## Archive for the ‘**In The Field**’ Category

## Improving the Temperature Metric

In the book Codermetrics, I introduced a metric called Temperature to measure how ‘hot’ or ‘cold’ a coder is at any given time, which might be useful to know when you are planning new work or analyzing team performance. This is an idea borrowed from Bill James who introduced the idea of Temperature as a metric for measuring hot and cold streaks in baseball (you can read an overview of the baseball version here or watch a video of Bill James explaining it here). The formula that I used in the book sets the starting Temperature for any developer at 72 degrees (“room temperature” also borrowed from Bill James), and then moves the Temperature up or down based on the percentage improvement in “Points” accumulated by the individual in each development iteration. So the formula looks like:

Current Temperature = Previous Temperature * (Points in The Most Recent Iteration / Points in The Prior Iteration)

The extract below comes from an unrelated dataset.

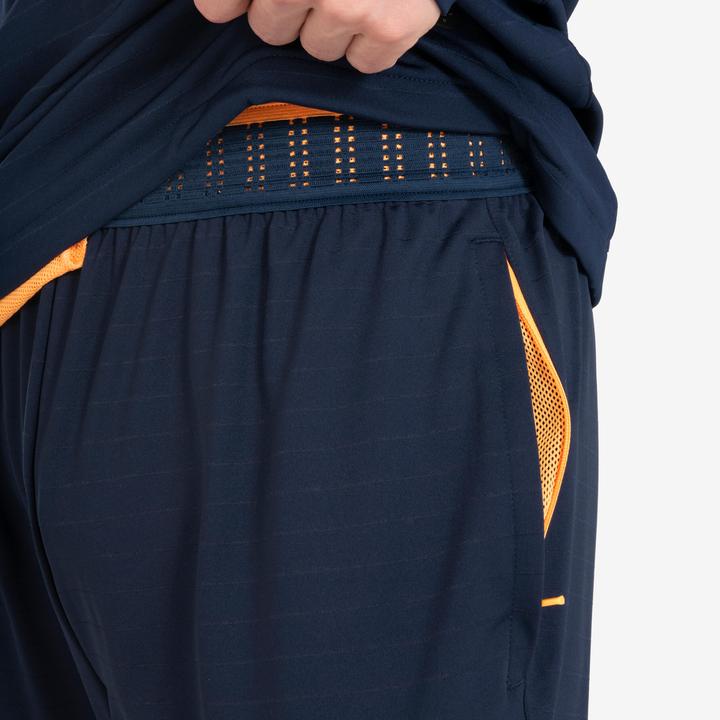 Actual product image Kipsta Women's/men's football training trousers - CLR orange/navy blue (W27)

A reader, Alex Mera, recently pointed out that this formula is flawed in that it is entirely relative to each individual and that significant differences in early iterations make Temperature ratings difficult to compare. As Alex correctly stated, for example, “scoring low on the first iteration will raise your temperature on every subsequent iteration.” While the formula can show you the trend for each developer, two people performing similarly might have two very different Temperatures (based on the results of much earlier performance) and two people with the same Temperature might actually have very different recent performance.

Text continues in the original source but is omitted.